In a profession in which, as Hausfeld himself says, the main objective is to make money, and in a world in which status is largely measured by material success, the most powerful lawyer in America is not a corporate shark; he is a “Goody Two-shoes”—a term he both raises and blanches at—who is determined to bring the mighty to justice. In that vein, he recalls a meeting at Washington’s Hay-Adams Hotel, overlooking the White House, with legendary Nazi hunter Simon Wiesenthal just as Hausfeld was embarking on his campaign against the Swiss banks. Wiesenthal told him, “Michael, always remember: Don’t let the momzers [Yiddish for “bastards”] rest.” He hasn’t. The question is why: Why has Michael Hausfeld dedicated his life to bedeviling the momzers when so few other attorneys have?


It didn’t start out that way. It started out in Brooklyn, where Hausfeld was born in 1946 to a lower-middle-class Orthodox Jewish family. His father had escaped Poland in his 20s, shortly after the Nazi invasion, and arrived in New York on the last boat out of Europe before the U-2 blockade. Two brothers had preceded him, and another came with him. But a fifth brother, Michael David, stayed behind with the rest of the family. Michael David, Hausfeld’s namesake, was rounded up and shot in the woods by the Nazis. The other Polish Hausfelds disappeared into the Holocaust.

Hausfeld says his father never spoke of his time in Poland or of the Holocaust. He worked as a furrier in Manhattan’s garment district, where Michael assisted him on weekends from the time he was eight years old. It wasn’t Michael’s only responsibility. His maternal grandfather suffered a stroke, and Michael, as the oldest of three children, was charged with living with and caring for him—at first in a separate apartment and later, when his parents moved to larger quarters, in his own room. This lasted from the time Michael was eight until he was 16, when his grandfather died. And even that was not the last of his duties. One brother was eight and a half years younger, and Michael became his babysitter, even dragging him along on dates when Michael was a teenager because there was no place to leave him.

Hausfeld describes his youthful self as a “nerd extraordinaire” who carried a briefcase to school and wore a pocket protector in his shirt. He didn’t grow up dreaming of justice. His parents wanted him to be a doctor, and he had a flair for science. But when Hausfeld was in middle school, he and a partner made an analog computer for the New York State Science Fair; as it turned out, the computer failed to function just as the judges came by. So Hausfeld vamped, telling the judges how the computer would work. He was so impressive that one of the judges told him, “Forget science. You should go into law.” It turned out to be fateful.

He had superb verbal skills and a quick intelligence. He organized the debate team in his high school, where he dreamed of Princeton, though his parents could only afford Brooklyn College, which was free.

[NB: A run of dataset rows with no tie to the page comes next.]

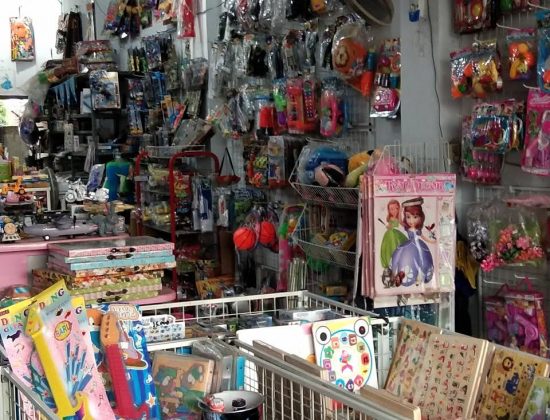 Taj Mahal Toys & Gift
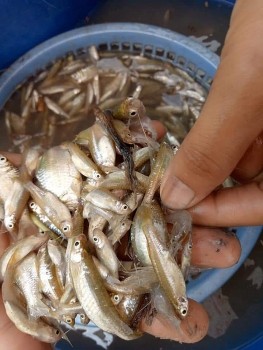 Loài cá nhà nghèo xưa ít người ăn, nay thành đặc sản đồng quê, đem kho tiêu gợi nhớ bầu trời tuổi thơ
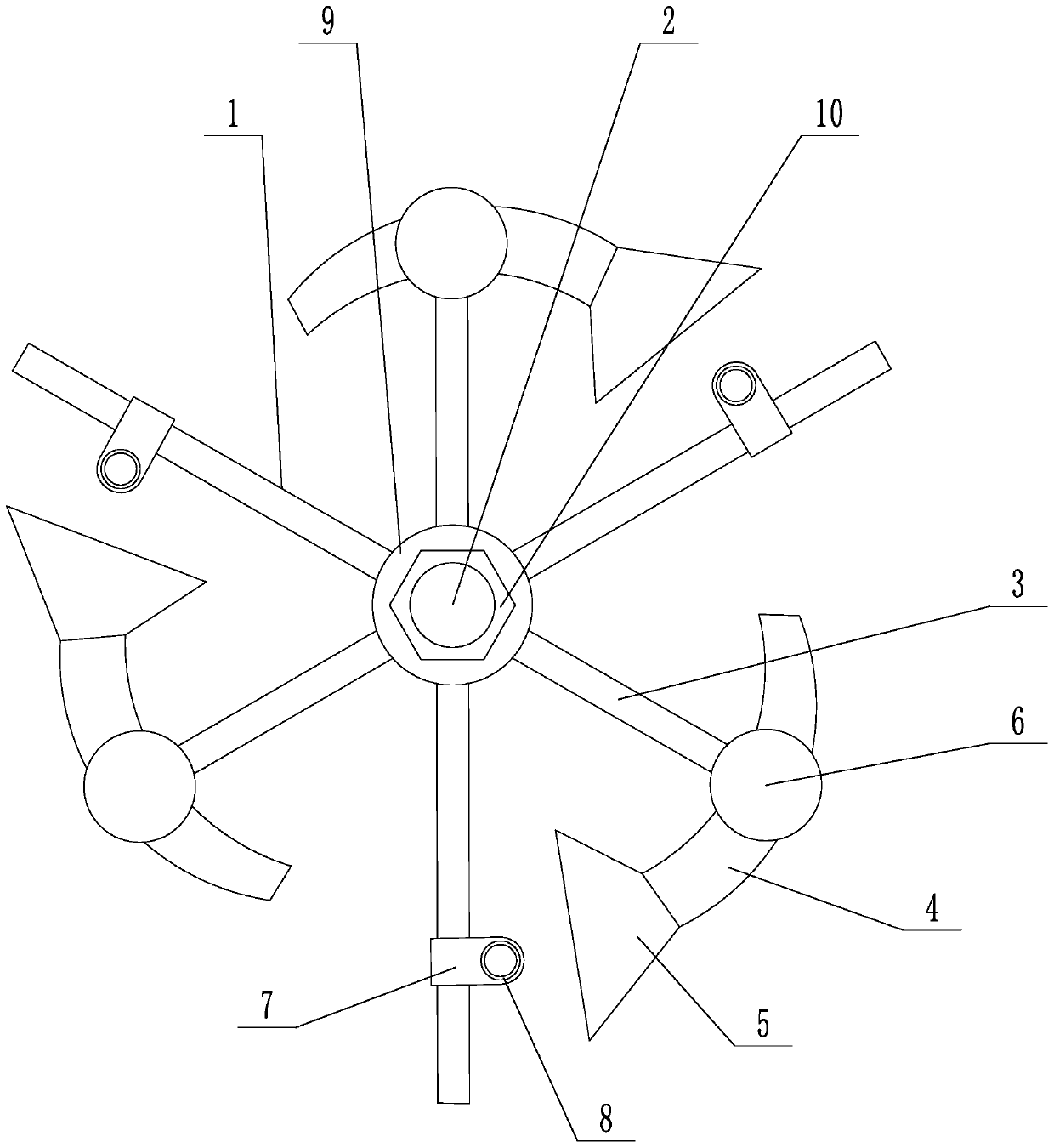 Cultivation method and feed feeding device of small yellow croaker with high female rate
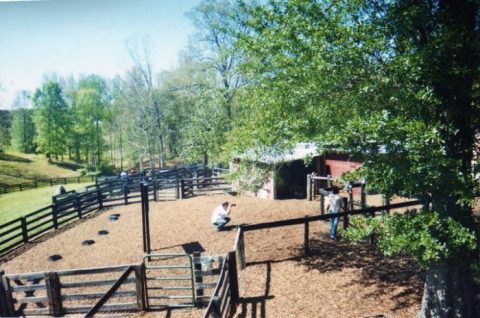 The Adorable Goat Farm In Georgia That's Perfect For An Afternoon With The Family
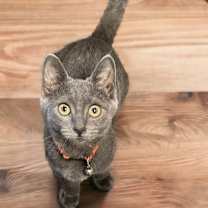 Thumbnail photo of Meep #1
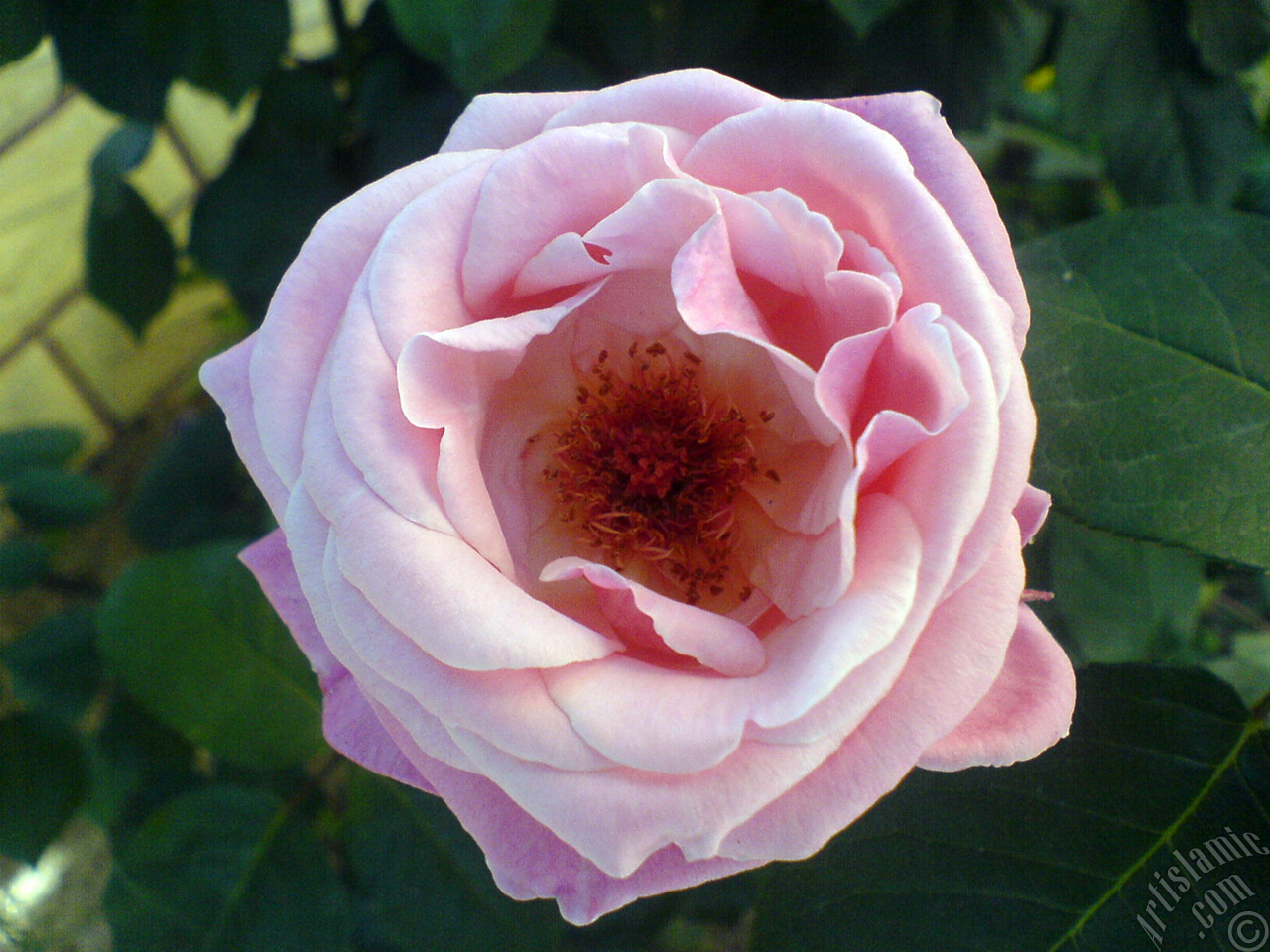 Pink rose photo.
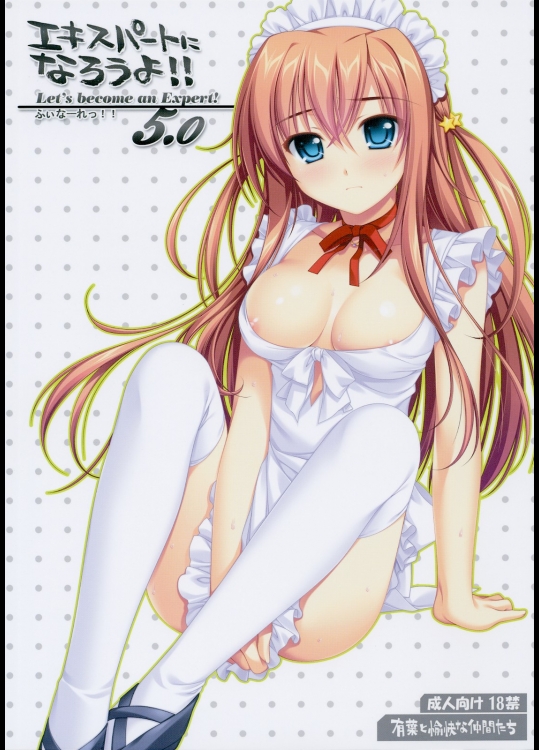 エキスパートになろうよ！！5.0_3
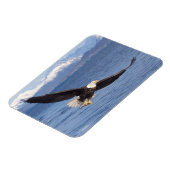 kale arend, Haliaeetus leucocephalus, tijdens vluc Magneet (Linkerzijde)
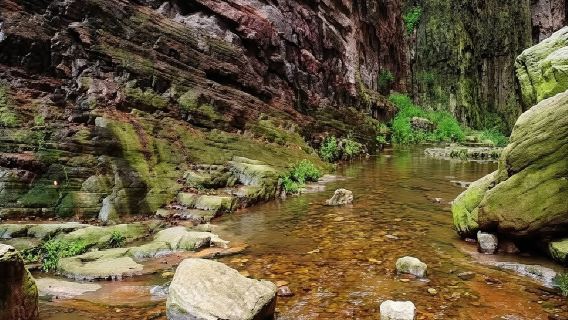 洛陽龍潭大峽谷一日遊◆限時免門票◆純玩無購物◆官方接駁車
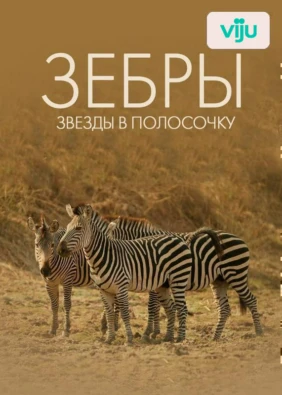 Зебры: звёзды в полосочку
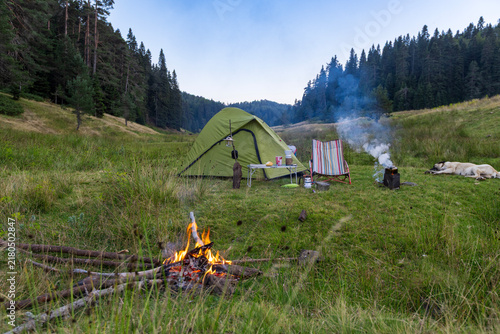 Konstfotografi A scenic outdoor campsite set in a lush green mountain meadow surrounded by dense evergreen pine trees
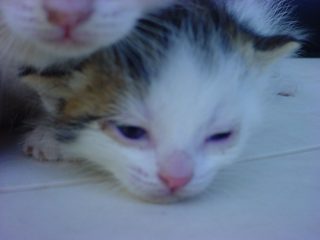 DSC00079.JPG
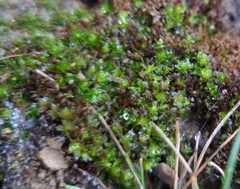 Ptychostomum capillare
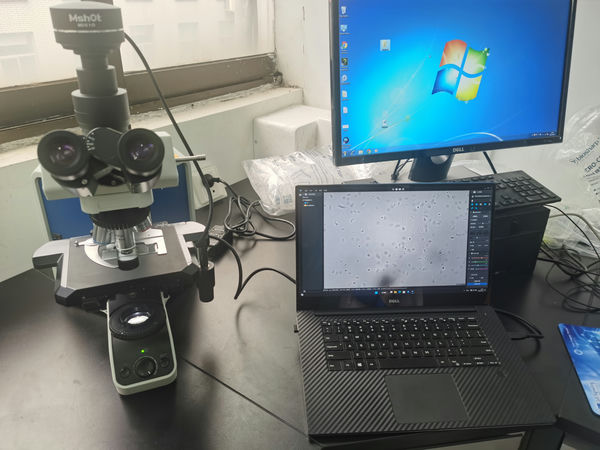 mmexport1696645679685.jpg mmexport1696645679685.jpg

In the summer after his high school graduation, a friend and he planned a motorcycle trip across the country. His father wanted to know why. “So I can find myself,” he said. His father clamped his hands on Michael’s shoulders and told him, “I found you. You’re right here.” And that was the end of the trip.

He didn’t find himself in college either. He was something of a grind—a straight-A student studying political science and Russian history. It was the 1960s, a time of campus radicalism, but the future legal flamethrower was hardly a radical. He spent his Friday and Saturday nights in the library reading, typically novels. By the time he graduated, he had settled on law, but he always tended to overthink things, just as he does now, so he did poorly on the LSAT, the standardized law school entrance exam, and was rejected by every one of the 10 law schools to which he’d applied, save one: George Washington University, where he was warned he would have to work hard to keep up.

In fact, he was a natural. At GW Law, Hausfeld was still the kid who wore a suit to class every day, but he was also the kid who kept peppering the professors with questions—“stupid questions,” one of his classmates said, until the fellow discovered that Hausfeld was one of the top students in the class. But what intrigued Hausfeld even then was not just the nuts and bolts of law; it was the distance between law and principle. He says that when fellow students would compare answers and crow after an exam, he would think, “That’s not what I wrote.… So I saw things differently.” What he saw was that the written law often had to be stretched to fit the higher principles of justice. He just had to figure out how.


Although Hausfeld is known as a legal crusader, it’s not always easy to square the mission with descriptions of the man. Stuart Eizenstat, President Jimmy Carter’s chief domestic policy advisor and the special envoy recruited by the State Department to help resolve the Swiss bank and slave labor reparations cases, once wrote, “Hausfeld could be sweetness and light at one moment and anger and darkness the next.” Others have described him as being known as difficult. One judge called him a “bulldog” in the courtroom after Hausfeld had joked with a witness and then, having disarmed him, suddenly pummeled him with penetrating questions. There were also tales of Hausfeld in his younger days screaming at associates.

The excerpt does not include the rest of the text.